A first principle of a (good) purchaser is to buy “his” or “her” items at excellent quality at the right time and at a good price. But how? This can be done via catalogs or on online marketplaces. According to PwC (PricewaterhouseCoopers), a catalog should contain all relevant product information for purchasers and suppliers, such as product category, supplier/manufacturer, product short code, ordering intervals and price scales, product numbers, units of measurement or images (PDF, videos, or Internet links). The task of the catalog system is to organize different types of complex contents, such as product descriptions, hierarchically arranged parts lists, and directories of services.
Not without my catalog
According to the e-business innovation center at the Fraunhofer IAO, there is a clear trend towards the use of internal online product catalogs and ordering systems in midsize and large companies. According to Frost & Sullivan, catalog management is even afforded a “key role” in e-procurement. Online catalogs are the “hub where information about the available products or services is managed,” is how the PwC study “Wegweiser Katalogmanagement” (Guide to Catalog Management) describes their core function. The following three main catalog types exist to meet the requirements that underlie this form of electronically based procurement.
- Internal catalogs: An internal catalog aims to provide the greatest possible control over the purchasing process and to monitor the terms and conditions in place with suppliers. The catalog is usually located on the servers of the purchasing organization which also – usefully – manages the catalog data. Data transferred from the supplier or the company’s own material master data is integrated. This data includes both prices and layout (images and graphic design) of the catalog. Products can also be assigned company-specific descriptions and material numbers and they can be managed in the catalog. Advantage: the purchasing organization does not need to remodel the entire purchasing process to identify products. Instead, it can simply take existing item data from other systems (such as a mySAP ERP system).
- External catalogs: Suppliers create their own electronic catalogs and make them available to their customers. In comparison to the internal catalog, it is easier to set up the data, which is always up to date, and real-time access occurs using a web browser via the Internet or extranet. The benefits for a purchasing company are mainly on the cost side as the supplier handles the catalog management. Similarly, the company does not need to provide hardware or software of its own.
- Neutral catalogs: These are catalogs on marketplaces that combine and summarize the portfolios of several suppliers. In this way, standardized (in terms of layout and images) and comparable product data are available in transparent form on a standardized interface. This creates a competitive situation between the suppliers involved as it is easier for buyers to compare product features or prices. Such marketplaces often also supply additional (e.g. industry-specific) information or organize online auctions.
Global presence on virtual marketplaces
Buyers and sellers exchange just about any kind of goods and services on this type of virtual marketplace. A characteristic feature of marketplace applications is the fact that multiple suppliers use the marketplace to reach multiple customers (many-to-many). A distinction is made here between horizontal and vertical marketplaces. Vertical marketplaces generally connect companies (buyers and sellers) of a single industry.
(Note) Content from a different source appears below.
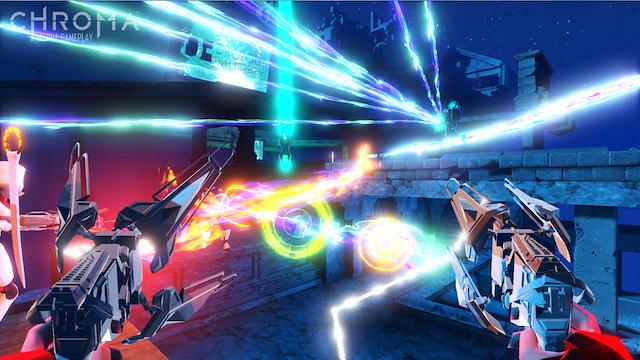 Image for the game Chroma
In many cases, connectivity into the back-end systems of those involved is enabled in order to increase process efficiency. This not only includes procurement, but also, for example in the automotive industry, invitations for tender and joint development projects between various supplier companies and a manufacturer (collaborative engineering). Conversely, horizontal marketplaces are designed to take in various industries and tend to offer a wide product range as opposed to extensive process integration. To date, mainly MRO goods (Maintenance, Repair, Operations) requiring little advice or C items have been traded in this way.
On the whole, additional services (such as forums) integrated into the marketplaces improve customer loyalty, promote community thinking, and also enable trade with A and B items requiring a higher degree of advice. Further, small and midsize companies that participate in electronic marketplaces are also able to access national and international procurement sources and thus achieve greater price transparency. In the view of ECC-Handel (E-Commerce-Center), companies want to speed up purchasing processes, lower process costs, improve the product range, and lower product costs in this way.
For SMBs, whether buyer or supplier, participation in marketplaces is well worth it. This is true firstly from the buyer’s point of view as connecting a marketplace to an existing ERP system (mySAP ERP) or standard business application such as SAP Business One saves costs. It is also true from a supplier’s point of view as sales processes are outsourced to the marketplace. This dispenses with intermediaries and enables goods to be bought at better prices. In the view of Jörn Szegunis from the Fraunhofer Application Center for Logistic-Oriented Business Administration (ALB), SMBs still lag some way behind as they often lack the technical requirements in the form of a business software solution. Additionally, they do not take sufficient advantage of cost-saving opportunities. To this extent, figures by the Bundesverband Materialwirtschaft, Einkauf und Logistik (Federal Association for Materials Management, Purchasing and Logistics, or BME) and the European Business School (ebs), which state that 85 percent of German industrial companies are already using Internet marketplaces to buy C goods, are too optimistic.
Into the future with SRM
Due to the increasing complexity of business processes – and thus purchasing processes – due to the arrival of the Internet, “simple” electronic purchasing will in future be supplanted by “the concept of Supplier Relationship Management (SRM), which combines classic e-procurement with collaborative aspects,” as Professor Ronald Bogaschewsky from the University of Würzburg put it in an interview with the Competence Site. SRM, as the name implies, is the supplier-oriented version of CRM, which aims to link suppliers more closely to the buying organization. Frost & Sullivan analyst Andrew Ball thus describes the tasks of an SRM software solution as follows: “Complex, interwoven business processes must be made transparent in order for companies to identify and eliminate duplicate items, while remaining sufficiently well informed to negotiate with suppliers.”
SRM focuses equally on both commercial and process-oriented aspects. In Andrew Ball’s view, SAP’s mySAP SRM best fulfills these central requirements, such as increased efficiency and cost reduction. This is because SAP provides not only a software solution, but also concepts that enable relationships and processes between buyer and supplier to be refined. This consistently reduces costs, optimizes procurement processes, and provides full transparency across the entire supply process. And that is ultimately the most important thing.